Why are the predictions from poisson lasso regression model in glmnet not integers?


I am conducting a lasso regression modeling predictors of a count outcome in glmnet.

I am wondering what to make of the predictions from this model.

Here is some toy data. It's not very good because I don't know how to simulate multivariate data but I'm mainly interested in whether I'm getting the syntax right.

set.seed(123)
df <- data.frame(count = rpois(500, lambda = 3),
                 pred1 = rnorm(500),
                 pred2 = rnorm(500),
                 pred3 = rnorm(500),
                 pred4 = rnorm(500),
                 pred5 = rnorm(500),
                 pred6 = rnorm(500),
                 pred7 = rnorm(500),
                 pred8 = rnorm(500),
                 pred9 = rnorm(500),
                 pred10 = rnorm(500))

Now run the model

x <- model.matrix(count ~ ., df)[,-1]
y <- df$count
cvg <- cv.glmnet(x,y,family = "poisson")

now when I generate predicted outcomes

yTest <- predict(cvg, newx = x, family = "poisson", type = "link")

This is the output

# 1   1.094604
# 2   1.094604
# 3   1.094604
# 4   1.094604
# 5   1.094604
# 6   1.094604
# ... ........

Now obviously the model predictions are all the same and all terrible (unsurprising given the absence of any association between the predictors and the outcome), but the thing I am wondering is why they are not integers (with my real data I have the same problem).

I have several questions.

So my questions are:

Am I specifying the correct arguments in the glmnet.predict() function? In the help for the predict function it states that specifying type = "link" gives "the linear predictors" for poisson models, whereas specifying type = "response" gives the "fitted mean" for poisson models (in the case of my dumb example it generates 500 values of 2.988).

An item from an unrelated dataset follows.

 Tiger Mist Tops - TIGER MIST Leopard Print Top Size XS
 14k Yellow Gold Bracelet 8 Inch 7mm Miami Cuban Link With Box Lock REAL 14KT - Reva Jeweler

Shouldn't the predicted outcomes match the form of the data itself, i.e. be integers?

If I am specifying the correct arguments in the predict() function, how do I use the non-integer predictions Do I round them to the nearest integer, or just leave them alone?


Solution

  • Shouldn't the predicted outcomes match the form of the data itself, i.e. be integers?

    When you use a regression model you are associating a (conditional) probability distribution, indexed by parameters (in the Poisson case, the lambda parameter, which represents the mean) to each predictor configuration. A prediction of the response minimizes some expected loss function conditional to the predictor values so it depends on what loss function you are using.

    If you consider a 0-1 loss, then yes, the predicted values should be an integer: the mode of the distribution, its most probable value, which in the case of a Possion distribution is the floor of lambda if it is not an integer (https://en.wikipedia.org/wiki/Poisson_distribution).

    If you consider a squared loss (y - y_prediction)^2 then your prediction is the conditional expectation (see https://en.wikipedia.org/wiki/Minimum_mean_square_error#Properties), which is not necessarily an integer, just like the result you are getting.

    glmnet uses squared loss, but you can easily predict an integer value (the one that minimizes the 0-1 loss) by applying the floor() function to the predicted values output by glmnet.